Anything in the Supervisor logs that might be useful for us?

The only logout I see when starting the strict add-on is:

21-03-05 12:37:13 INFO (SyncWorker_1) [supervisor.docker.addon] Starting Docker add-on ghcr.io/jens-maus/raspberrymatic with version 3.57.4.20210303-802244b
21-03-05 12:37:15 INFO (MainThread) [supervisor.hardware.monitor] Detecting HardwareAction.ADD usb hardware /dev/bus/usb/002/001
21-03-05 12:37:15 INFO (MainThread) [supervisor.hardware.monitor] Detecting HardwareAction.ADD usb hardware /dev/bus/usb/002/002
21-03-05 12:37:15 INFO (MainThread) [supervisor.hardware.monitor] Detecting HardwareAction.ADD serial hardware /dev/input/event3 - /dev/input/by-id/usb-VMware_VMware_Virtual_USB_Mouse-event-mouse
21-03-05 12:37:15 INFO (MainThread) [supervisor.hardware.monitor] Detecting HardwareAction.ADD usb hardware /dev/bus/usb/002/003
21-03-05 12:37:15 INFO (MainThread) [supervisor.hardware.monitor] Detecting HardwareAction.ADD audio hardware - /dev/snd/hwC0D0
21-03-05 12:37:15 INFO (MainThread) [supervisor.hardware.monitor] Detecting HardwareAction.ADD audio hardware - /dev/snd/pcmC0D0c
21-03-05 12:37:15 INFO (MainThread) [supervisor.hardware.monitor] Detecting HardwareAction.ADD audio hardware - /dev/snd/pcmC0D0p
21-03-05 12:37:15 INFO (MainThread) [supervisor.hardware.monitor] Detecting HardwareAction.ADD audio hardware - /dev/snd/controlC0
21-03-05 12:37:15 INFO (MainThread) [supervisor.hardware.monitor] Detecting HardwareAction.ADD usb hardware /dev/bus/usb/001/001
21-03-05 12:37:15 INFO (MainThread) [supervisor.host.sound] Updating PulseAudio information
21-03-05 12:37:15 INFO (MainThread) [supervisor.hardware.monitor] Detecting HardwareAction.ADD audio hardware - /dev/snd/seq
21-03-05 12:37:15 INFO (MainThread) [supervisor.hardware.monitor] Detecting HardwareAction.ADD audio hardware - /dev/snd/timer

See, that I didn't see any further output that might be helpful in seeing if the supervisor provides enough access to the add-on to be able to access the device nodes it requests access for using the devices: section in config.json. In addition, I couldn't even spot something in the docker inspect output of the container that shows up access assignment for the configured device nodes.

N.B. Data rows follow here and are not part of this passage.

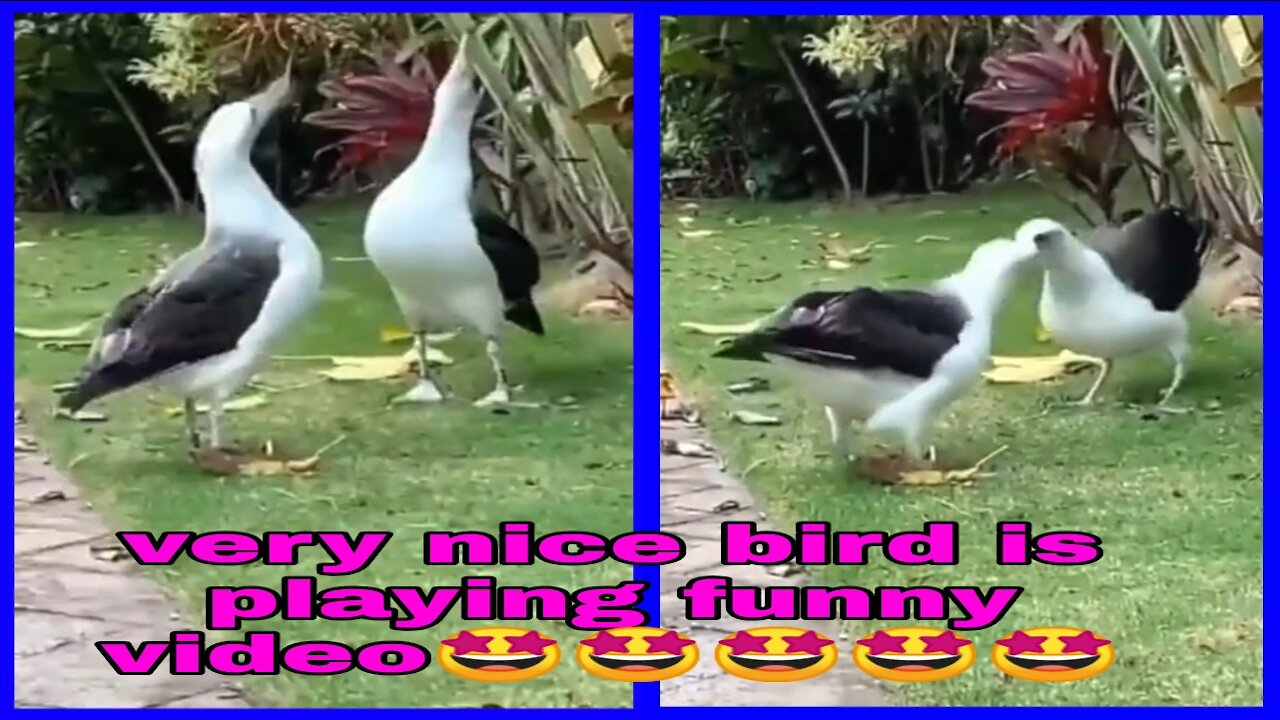 very nice bird is playing funny video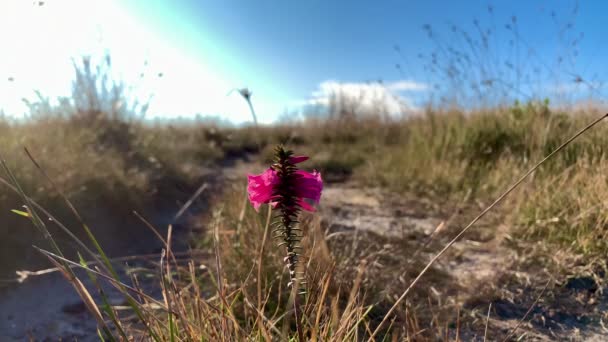 Różowy Kwiat Rośnie Samotnie Trawie Australii — Wideo stockowe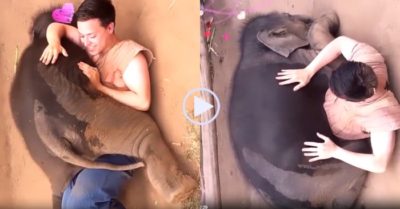 Video: Voi con đè lên người, ôm ấp không muốn xa chàng trai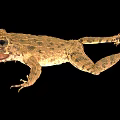 Frog bullfrog scan frog scan bullfrog reptile 3d model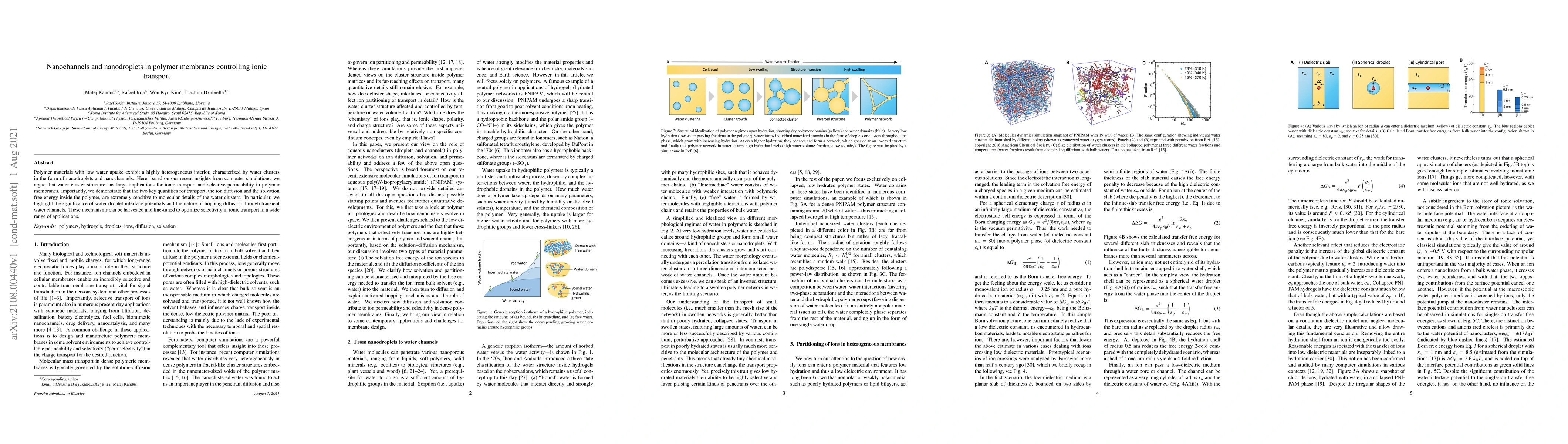 Thumbnail for Nanochannels and nanodroplets in polymer membranes controlling ionic
  transport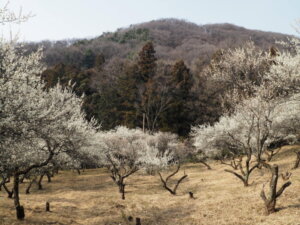 足利西渓園の梅の写真です。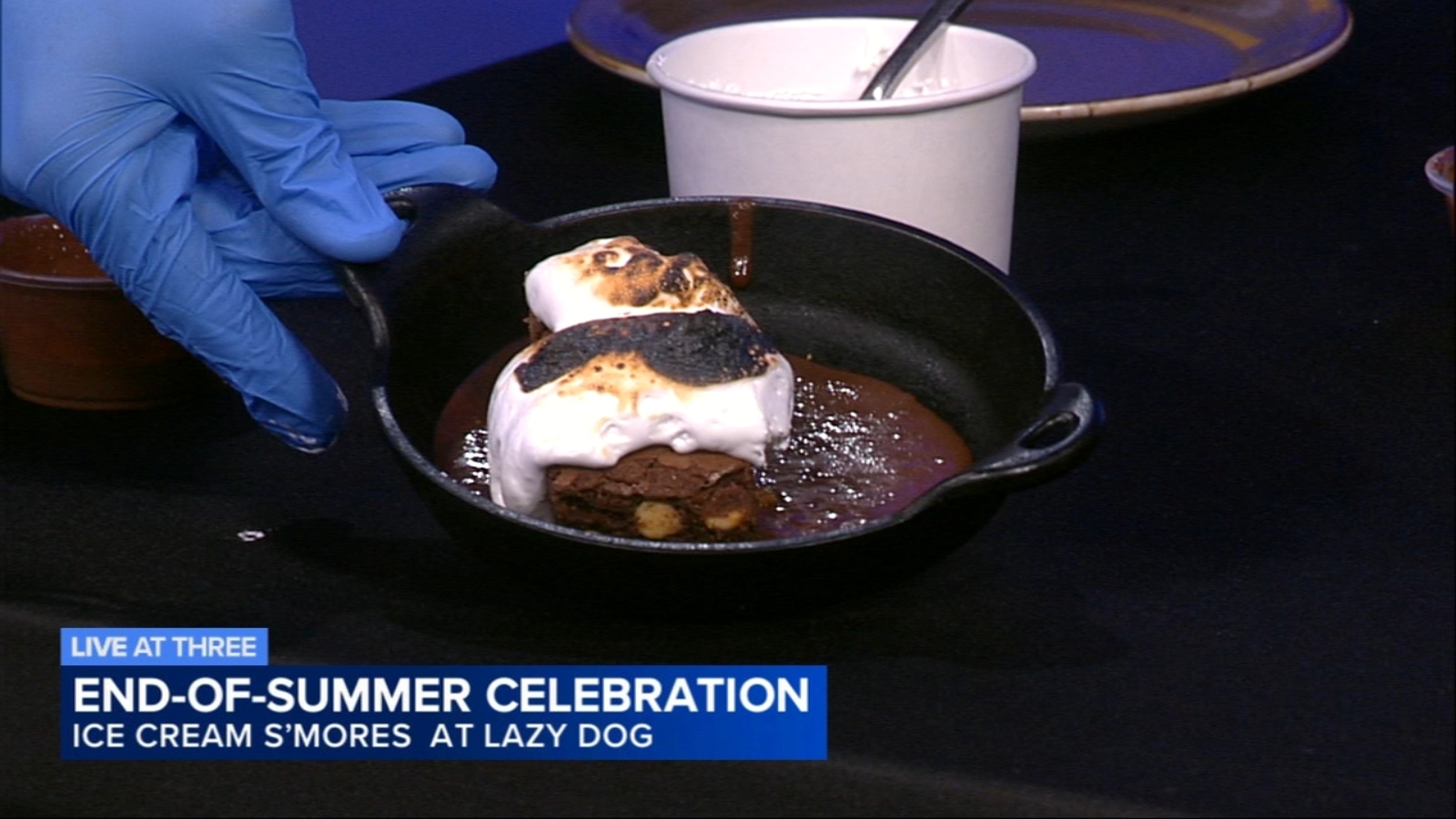 Multiple US Cities Host Annual Dog Days of Summer Festivals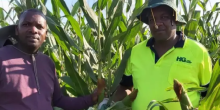 Kenyan and Zimbabwean Entrepreneurs Bring White Maize Farming to Australia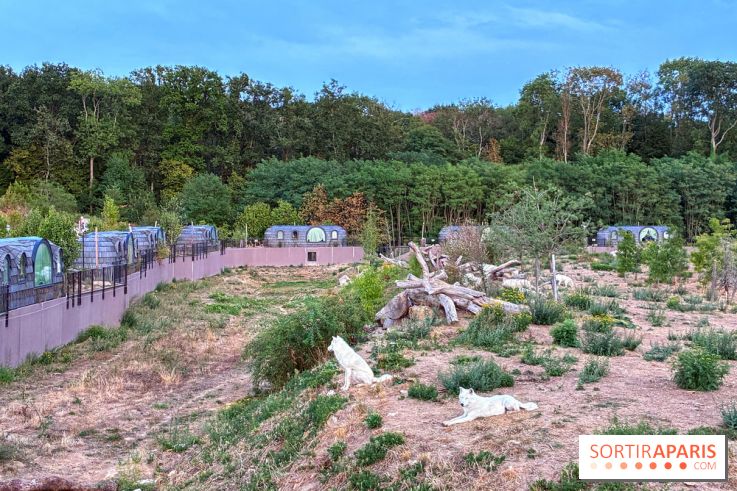Azimut, le restaurant du Zoo de Thoiry
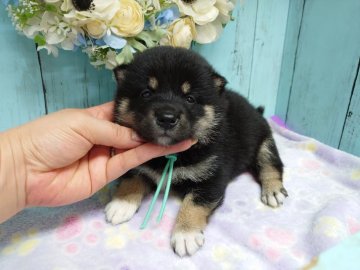 柴犬(標準サイズ)【福島県・男の子・2020年6月13日・黒】の写真「7月30日㈭までの募集です♥」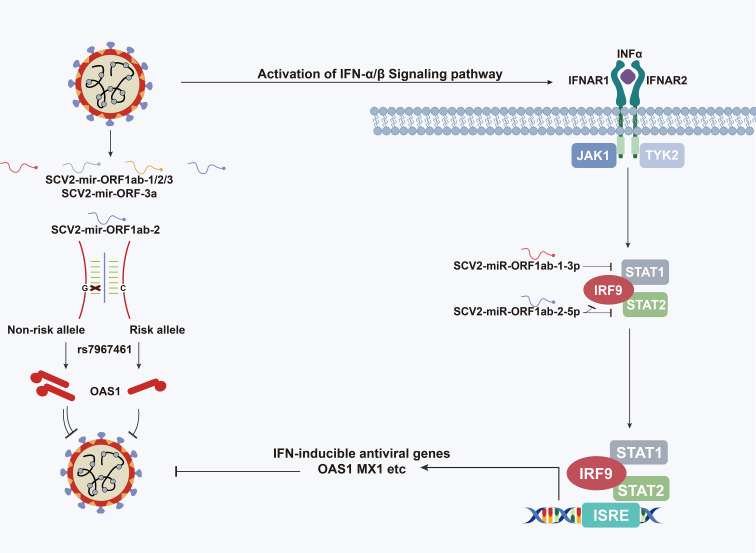 Graphical Abstract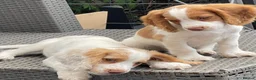 Cocker Spaniel dogs for sale: Red and Lemon & White Working Cocker Spaniels - Advert 21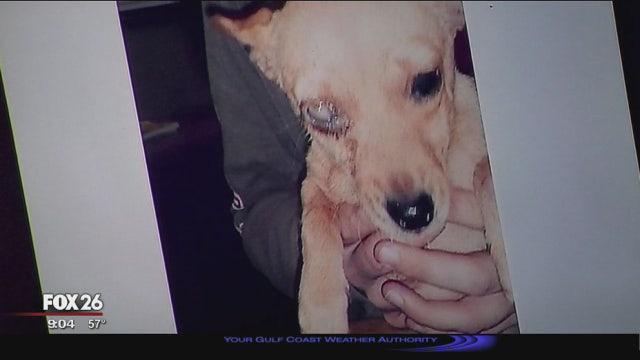 Committee releases findings to help lower Baytown Animal Shelter's kill rate
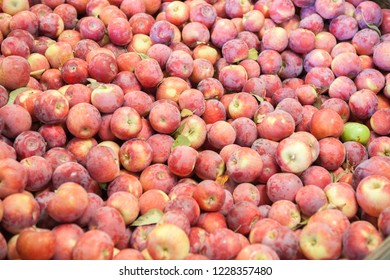 Empire Apples In Packing Crate For Sale In Orchard. Apple Hill, California, USA. 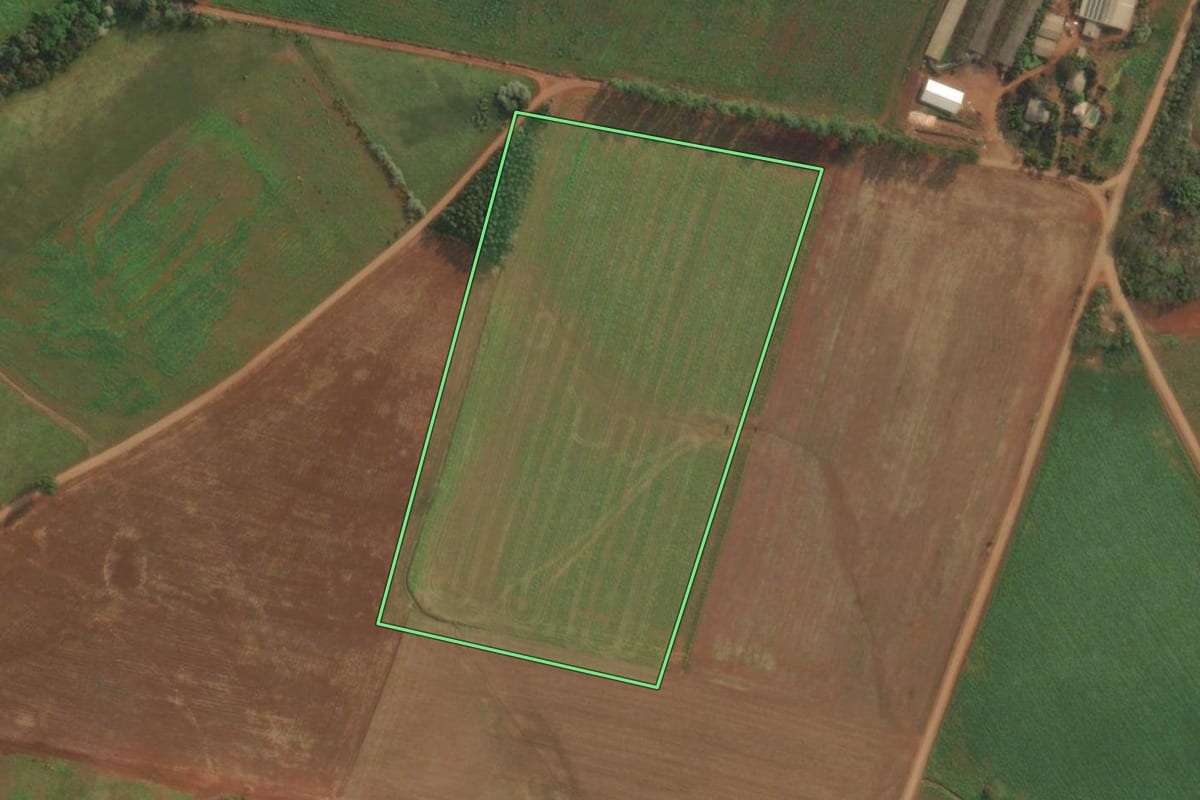 Imagem de satélite do imóvel rural em Vista Gaúcha (RS), com o contorno declarado no CAR desenhado por cima.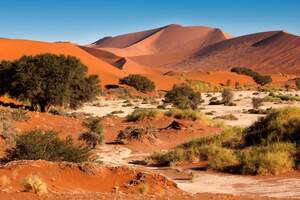 Abenteuer Gruppenreisen Namibia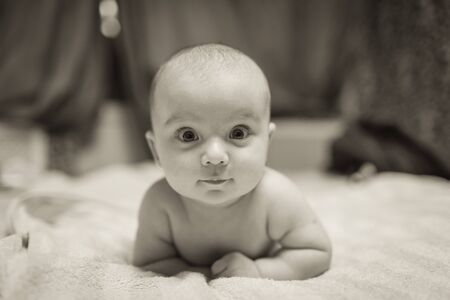 Portrait of cute little baby on blanketの写真素材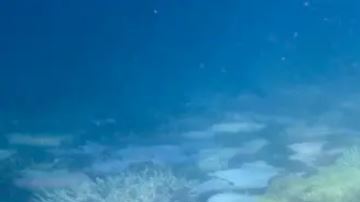 Descubren en el Pacífico el coral más grande del mundo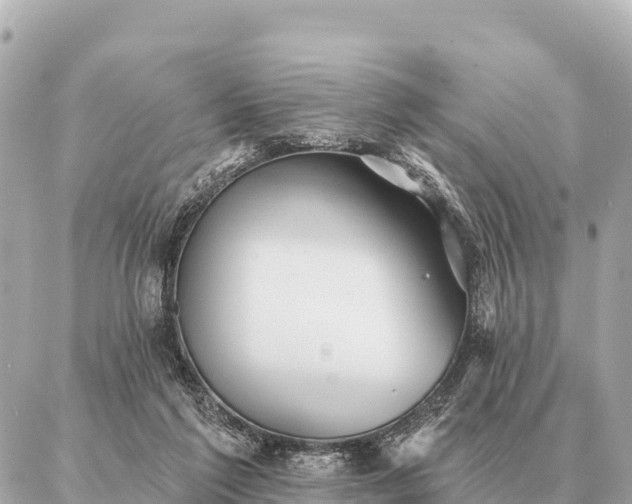 X0000086980213200704231827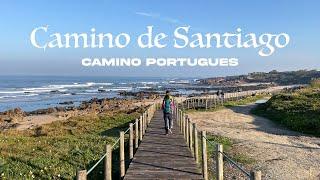 Camino de Santiago - Camino Portugues 2022  Porto to Santiago  11 Days  280KM 175 miles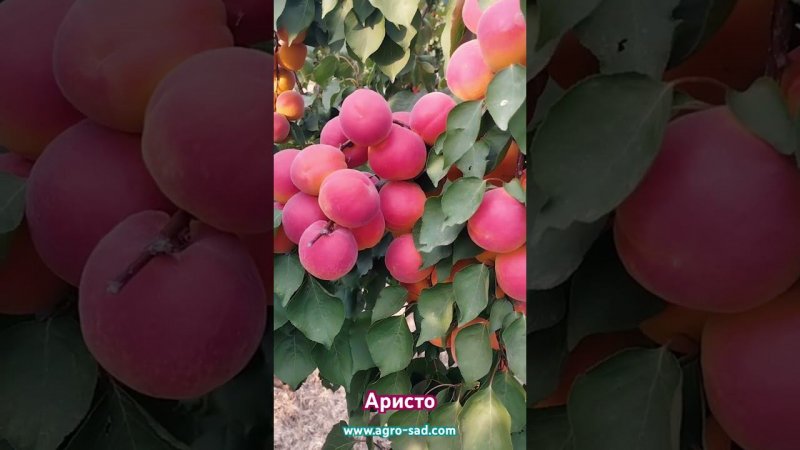 Абрикос Аристо (Aristo) - Агро Сад 2024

As outlined, in some previous versions a similar add-on config.json without full_access and enough privileged capabilities setting perfectly allowed to access all defined device nodes from the previous devices: config setting. However, after the change (and potentially also some other additional changes) this behaviour somehow broke and now I always have to start the add-on in privileged/non-protected mode to see it accessing the device nodes it requires.

@jens-maus jens-maus added the bug label Mar 5, 2021
@jens-maus
Copy link
Author

jens-maus commented Mar 5, 2021

Please allow me to directly tag @pvizeli and @agners here to get their attention to this ticket/issue since I feel they could immediately help in trying to help or identify the root cause here since we lately had contact regarding new realtime feature in the supervisor which I actually now try to use in my add-on development work here.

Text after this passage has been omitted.